The law of large numbers predicts that when the absolute number of copies of the allele is small (e.g., in small populations), the magnitude of drift on allele frequencies per generation is larger. The magnitude of drift is large enough to overwhelm selection at any allele frequency when the selection coefficient is less than 1 divided by the effective population size. Non-adaptive evolution resulting from the product of mutation and genetic drift is therefore considered to be a consequential mechanism of evolutionary change primarily within small, isolated populations. The mathematics of genetic drift depend on the effective population size, but it is not clear how this is related to the actual number of individuals in a population. Genetic linkage to other genes that are under selection can reduce the effective population size experienced by a neutral allele. With a higher recombination rate, linkage decreases and with it this local effect on effective population size. This effect is visible in molecular data as a correlation between local recombination rate and genetic diversity, and negative correlation between gene density and diversity at noncoding DNA regions. Stochasticity associated with linkage to other genes that are under selection is not the same as sampling error, and is sometimes known as genetic draft in order to distinguish it from genetic drift.
Low allele frequency makes alleles more vulnerable to being eliminated by random chance, even overriding the influence of natural selection. For example, while disadvantageous mutations are usually eliminated quickly within the population, new advantageous mutations are almost as vulnerable to loss through genetic drift as are neutral mutations. Not until the allele frequency for the advantageous mutation reaches a certain threshold will genetic drift have no effect.
The impact of a population bottleneck can be sustained, even when the bottleneck is caused by a one-time event such as a natural catastrophe. An interesting example of a bottleneck causing unusual genetic distribution is the relatively high proportion of individuals with total rod cell color blindness (achromatopsia) on Pingelap in Micronesia. After a bottleneck, inbreeding increases. This increases the damage done by recessive deleterious mutations, in a process known as inbreeding depression. The worst of these mutations are selected against, leading to the loss of other alleles that are genetically linked to them, in a process of background selection. For recessive harmful mutations, this selection can be enhanced as a consequence of the bottleneck, due to genetic purging. This leads to a further loss of genetic diversity. In addition, a sustained reduction in population size increases the likelihood of further allele fluctuations from drift in generations to come.
A population's genetic variation can be greatly reduced by a bottleneck, and even beneficial adaptations may be permanently eliminated.
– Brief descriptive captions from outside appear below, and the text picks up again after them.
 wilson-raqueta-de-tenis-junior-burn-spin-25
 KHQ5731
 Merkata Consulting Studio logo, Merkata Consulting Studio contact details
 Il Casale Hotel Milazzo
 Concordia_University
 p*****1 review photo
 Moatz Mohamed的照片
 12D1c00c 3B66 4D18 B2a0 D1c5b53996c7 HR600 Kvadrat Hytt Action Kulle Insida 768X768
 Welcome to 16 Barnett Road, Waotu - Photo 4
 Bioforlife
The loss of variation leaves the surviving population vulnerable to any new selection pressures such as disease, climatic change or shift in the available food source, because adapting in response to environmental changes requires sufficient genetic variation in the population for natural selection to take place.
There have been many known cases of population bottleneck in the recent past. Prior to the arrival of Europeans, prairies were habitat for millions of greater prairie chickens. In Illinois alone, their numbers plummeted from about 100 million birds in 1900 to about 50 birds in the 1990s. The declines in population resulted from hunting and habitat destruction, but a consequence has been a loss of most of the species' genetic diversity. DNA analysis comparing birds from the mid century to birds in the 1990s documents a steep decline in the genetic variation in just the latter few decades. Currently the greater prairie chicken is experiencing low reproductive success.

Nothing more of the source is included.